The National Association of Hispanic Real Estate Professionals’ recently released their The State of Hispanic Homeownership Report. The 24-page document offers an update on the Hispanic homebuyer market and traces Hispanics’s rise in household formations and reveals the variables that make them homeownership-ready and able to drive demand in the current homebuyer market.
According to the report, Hispanics continue to lead the surge in U.S. homeownership and accounted 51% of the total net increase of owner households. The number of Hispanic homeowners grew from 4.24 million in 2000 to 6.69 million in 2012, a remarkable increase of 58 percent at a time when the rest of the U.S. population saw a net increase of only 5 percent.
Some of the key statistics highlighted in the report include:
Hispanics continue to lead population growth in America. Hispanics have accounted for more than half of the U.S. population increase over the past decade. Every month, 50,000 young Hispanics reach the age of 18. More notably, Hispanics dominate household growth. Over one million Hispanic households were formed in 2012, compared to a decrease of 704,000 non-Hispanic White households.
Forty percent of Hispanic households earned over $50,000. Hispanic households earning more than $50,000 are growing at a faster rate than that of the total number of U.S. households.
Surveys show they remain passionate about homeownership. Fifty-six percent of Hispanics said that a major reason to buy a home was because it represents a symbol of success or achievement, compared to only 32 percent of all Americans.

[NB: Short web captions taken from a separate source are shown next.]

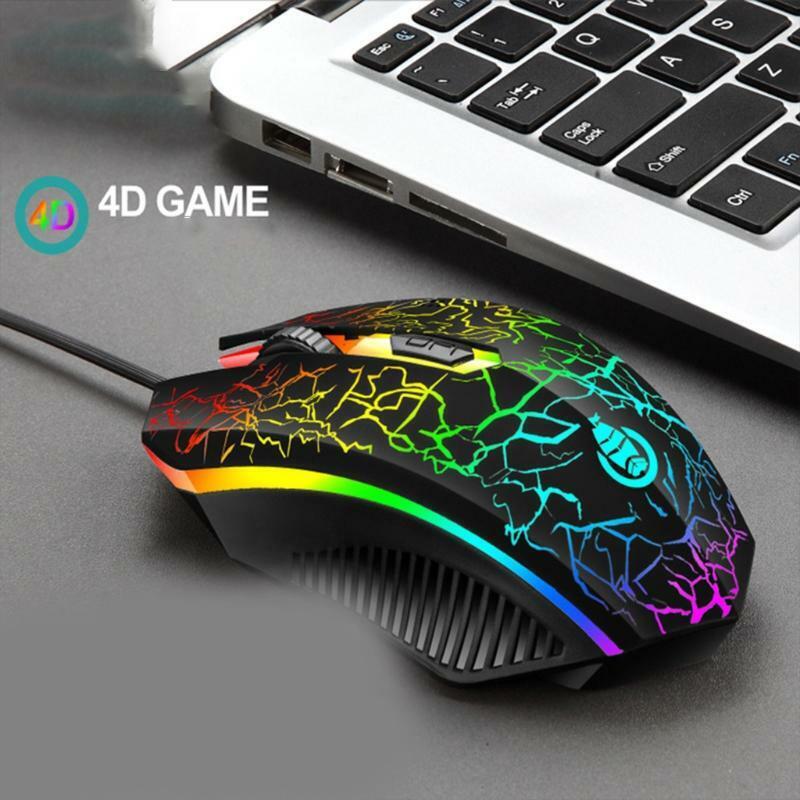 Wired USB Optical Mouse Corded Mouse Gaming Luminous Business Office Laptops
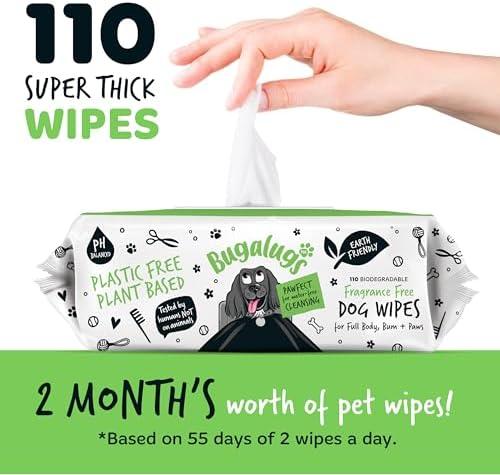 100% Plastic Free Biodegradable Dog Wipes - Full Body, Eye, Ear, Bum & Paws - 110 Count (Fragrance Free) for Sensitive Dog & Cat Grooming 2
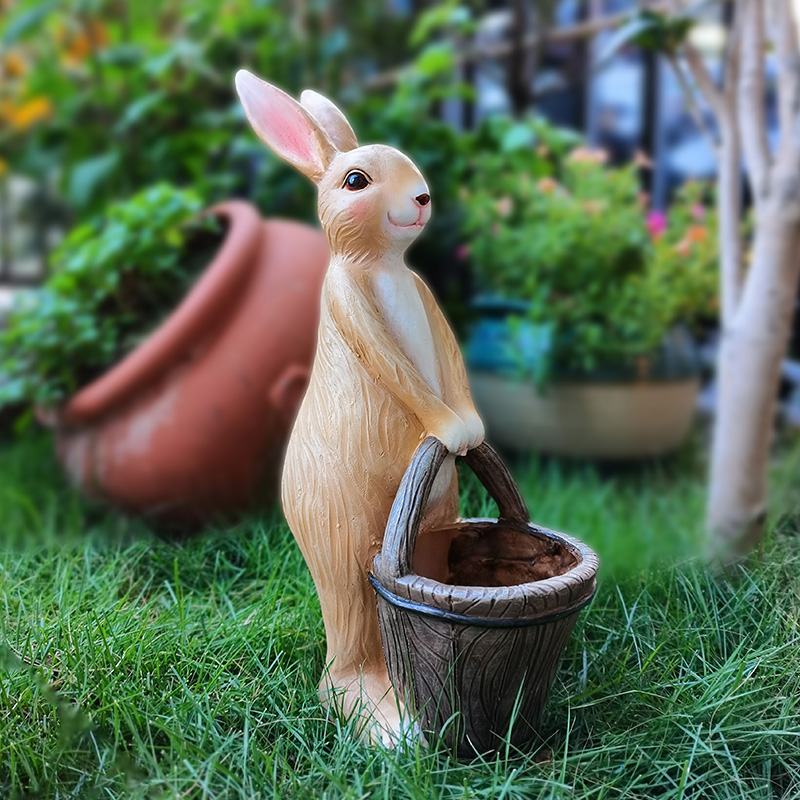 庭院兔子多肉花盆可爱装饰摆件创意个性室内植物盆栽阳台园艺花器 - 图3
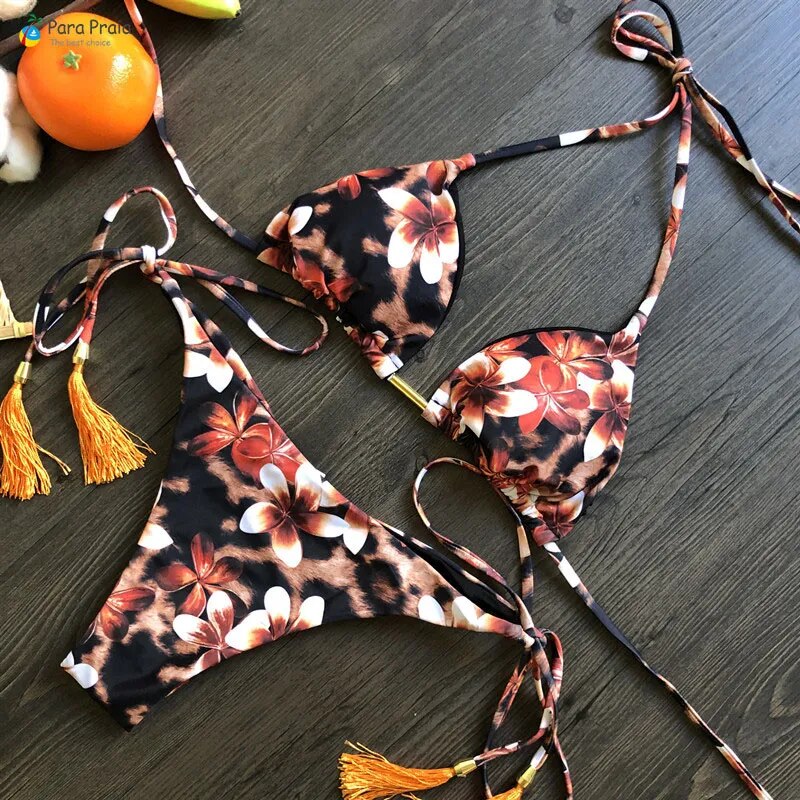 Mini Halter Bathing Brazilian Swimsuit Thong Bikini Set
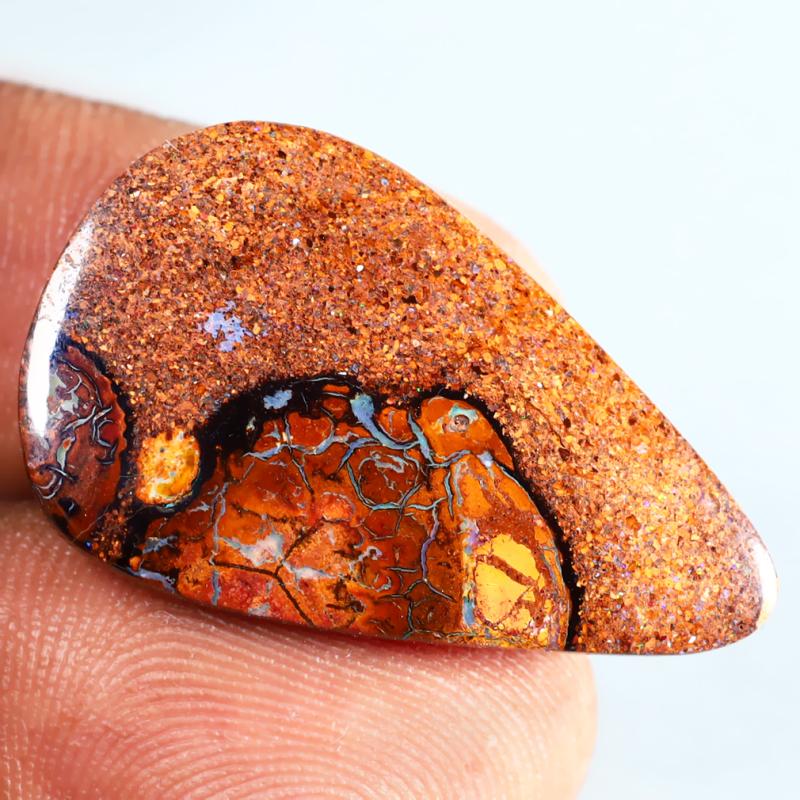 13.86 ct Romantic Fancy Shape (28 x 18 mm) Multi Color Australian Koroit Boulder Opal Natural Loose Gemstone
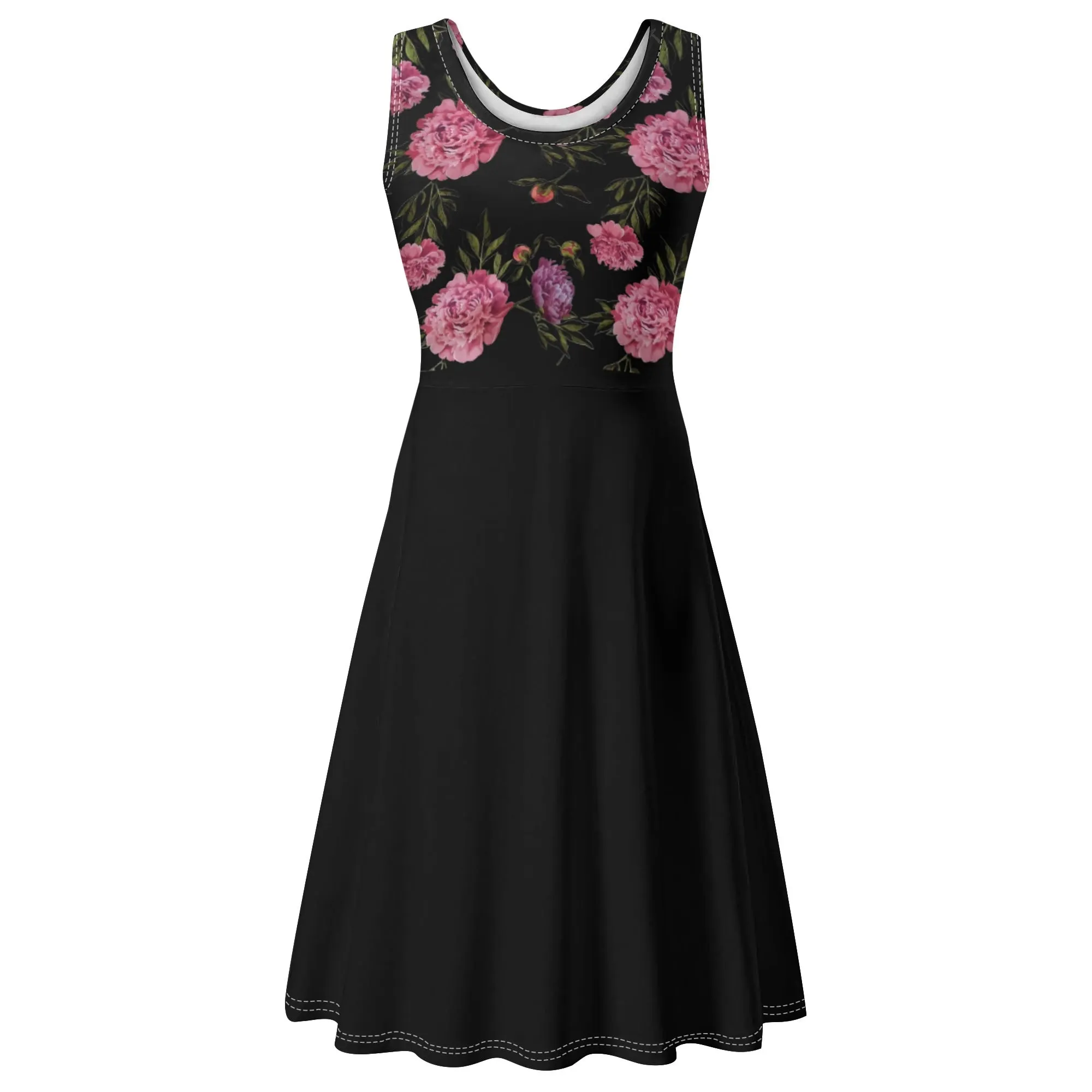 Women's Floral Pattern Tank Dress Mini Wrap Round Neck Sleeveless Sundress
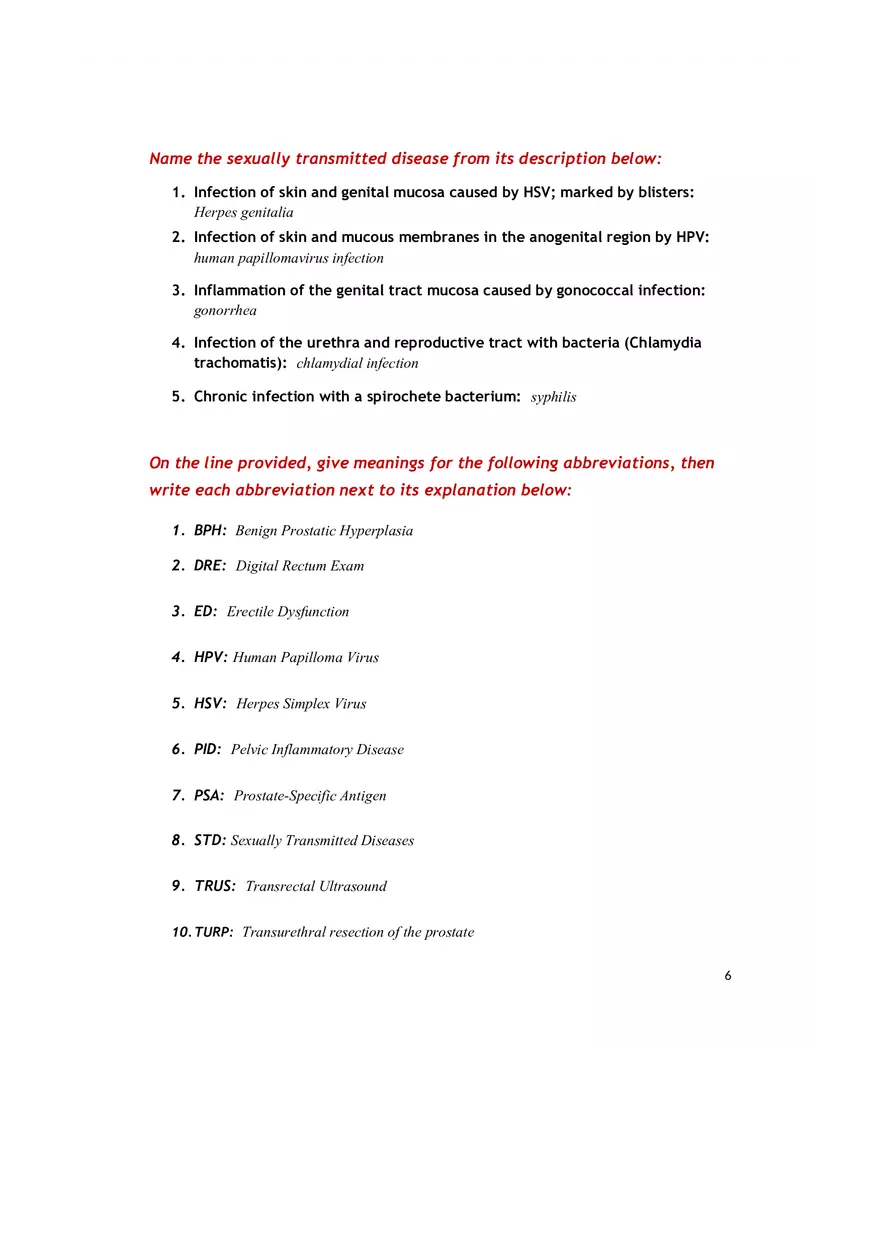 Medical Terminology Chapter 9 Assignment Answers - Page 6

Realizing the impact the Hispanic population will have on real estate in the future is crucial. Mike Fratantoni, Vice President of Research and Economics for the Mortgage Bankers Association explains:
“It is critical to understand the demographic trends which are likely to impact housing demand in the years ahead. This report provides information for lenders, builders, and policymakers regarding the future shape of housing demand, which will be substantially impacted by the housing choices of Hispanic households.”